■ What you should do ■
Images do not belong in the copy. Set down all the entries exactly.
────
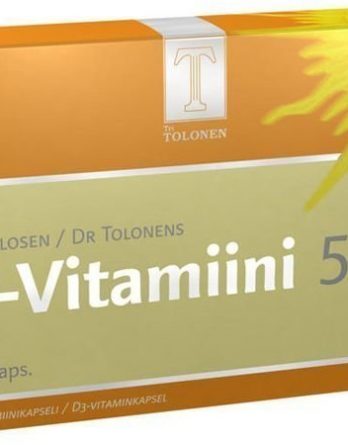 Tri Tolosen D-Vitamiini 50 µg 60 kaps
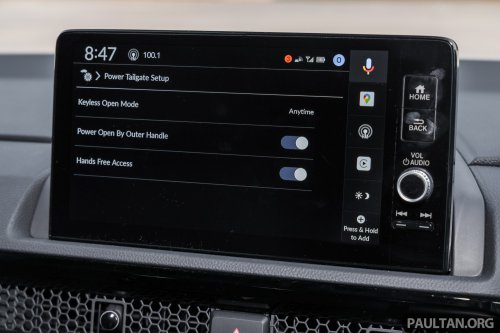 2026 Honda CR-V e:HEV RS, e:HEV E Malaysian gallery – update adds built-in Google, BLIS, RCTA, fr. RM178k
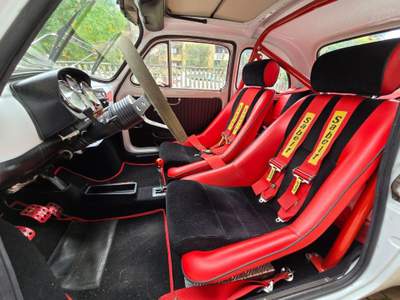 Abarth 695 Replica 75CV 800cc by Baistrocchi Bianco usata Cava Manara
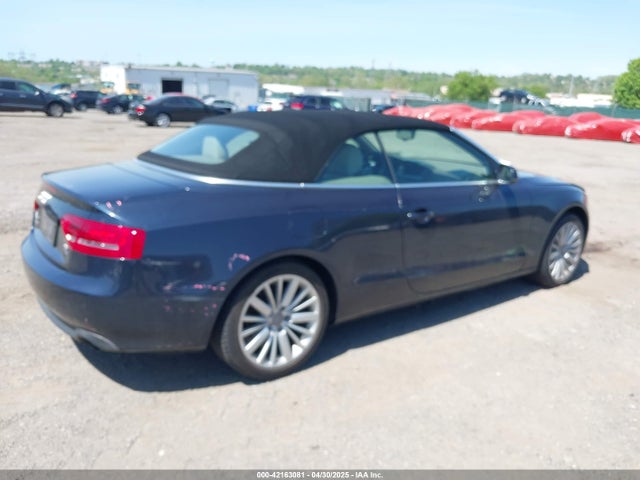 2012 AUDI A5 WAULFAFH2CN005199 Photo 3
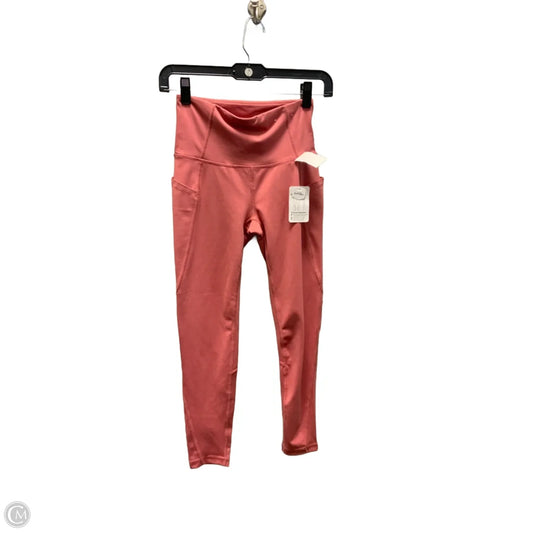 Athletic Leggings By Xersion In Pink, Size: Xs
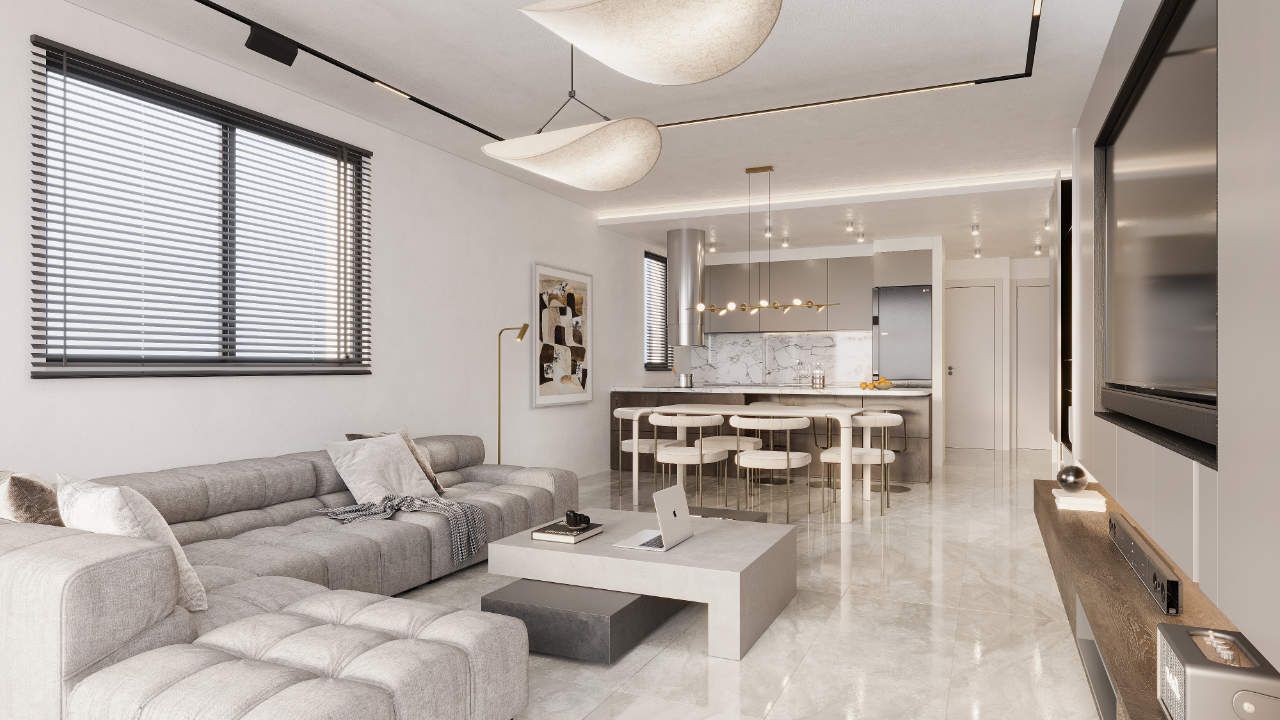 Spacious Top Floor Apartment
────
■ Exercise solution ■
 Tri Tolosen D-Vitamiini 50 µg 60 kaps
 2026 Honda CR-V e:HEV RS, e:HEV E Malaysian gallery – update adds built-in Google, BLIS, RCTA, fr. RM178k
 Abarth 695 Replica 75CV 800cc by Baistrocchi Bianco usata Cava Manara
 2012 AUDI A5 WAULFAFH2CN005199 Photo 3
 Athletic Leggings By Xersion In Pink, Size: Xs
 Spacious Top Floor Apartment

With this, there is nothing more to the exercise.